THE PROBLEM: Pictures aside, reproduce exactly and only the lines below, starting at the one containing "Chanel Vintage 95P" and ending at the last line.

DATA EXCERPTS:
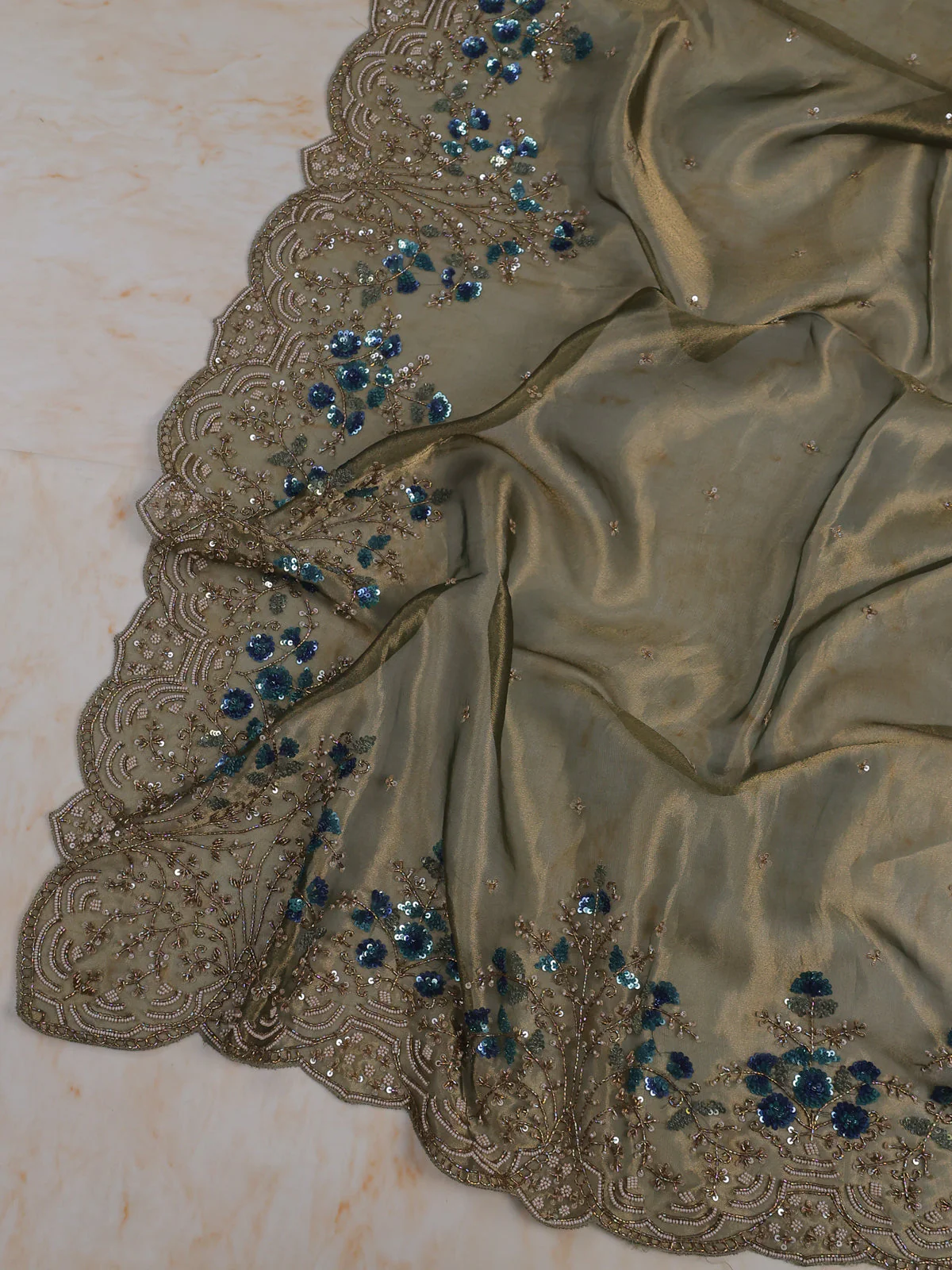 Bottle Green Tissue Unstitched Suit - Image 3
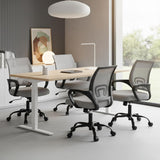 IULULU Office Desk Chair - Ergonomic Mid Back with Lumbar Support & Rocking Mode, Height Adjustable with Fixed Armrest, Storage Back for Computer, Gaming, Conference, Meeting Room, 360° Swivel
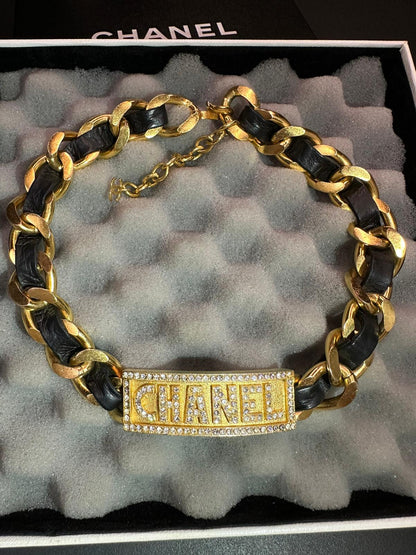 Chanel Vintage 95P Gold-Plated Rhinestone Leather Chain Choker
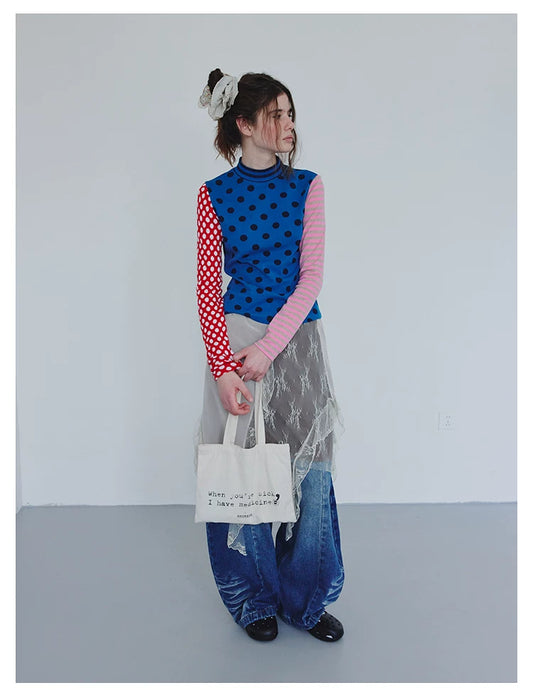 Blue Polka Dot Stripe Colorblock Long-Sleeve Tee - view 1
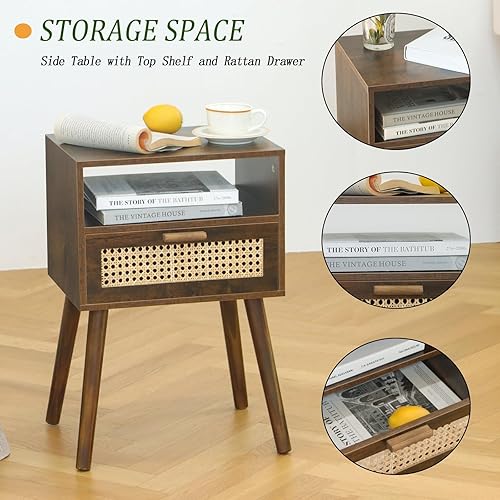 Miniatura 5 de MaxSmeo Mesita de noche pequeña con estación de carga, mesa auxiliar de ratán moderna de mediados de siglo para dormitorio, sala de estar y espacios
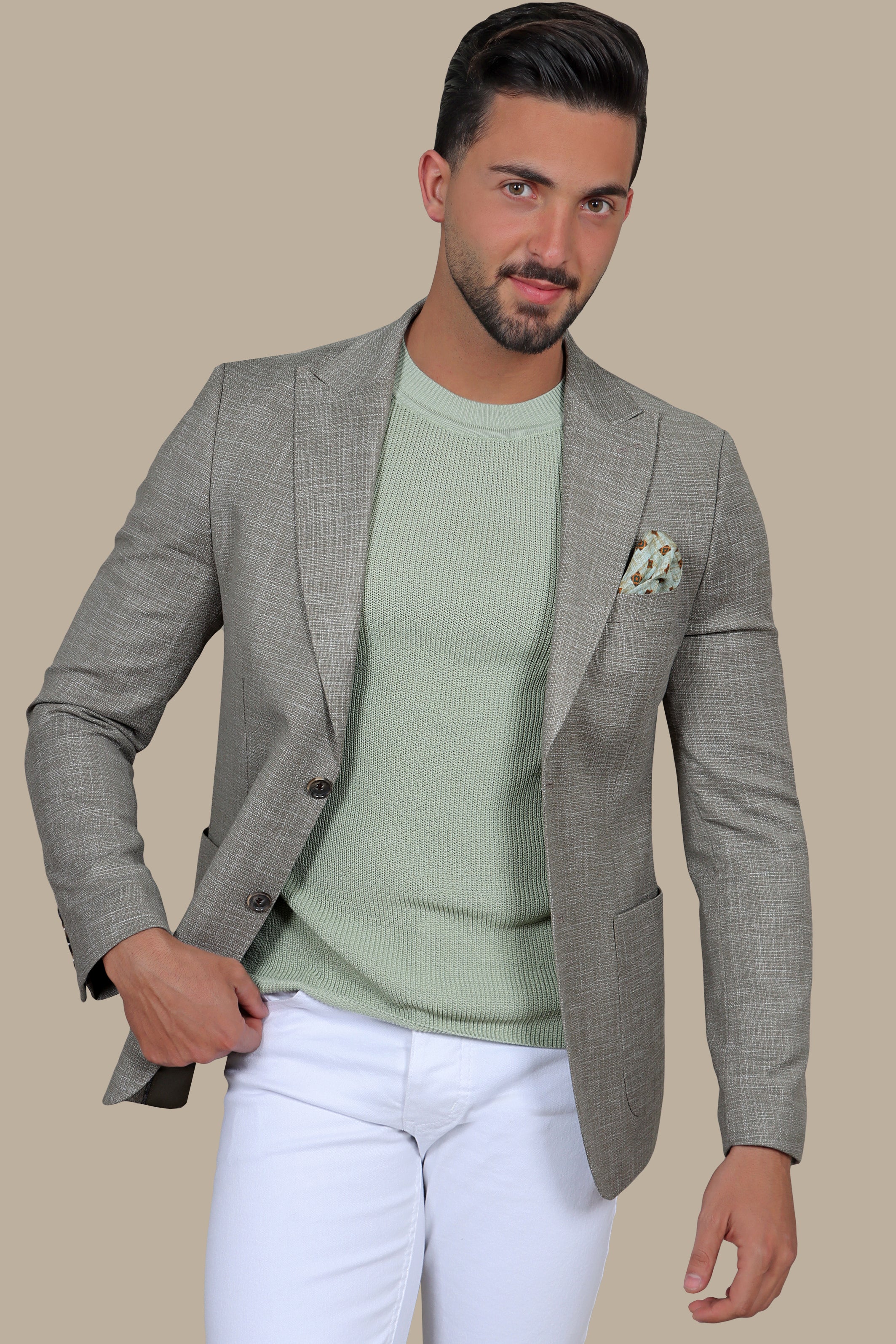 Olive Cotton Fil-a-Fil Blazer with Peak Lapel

RESULT OF THIS TASK:
 Chanel Vintage 95P Gold-Plated Rhinestone Leather Chain Choker
 Blue Polka Dot Stripe Colorblock Long-Sleeve Tee - view 1
 Miniatura 5 de MaxSmeo Mesita de noche pequeña con estación de carga, mesa auxiliar de ratán moderna de mediados de siglo para dormitorio, sala de estar y espacios
 Olive Cotton Fil-a-Fil Blazer with Peak Lapel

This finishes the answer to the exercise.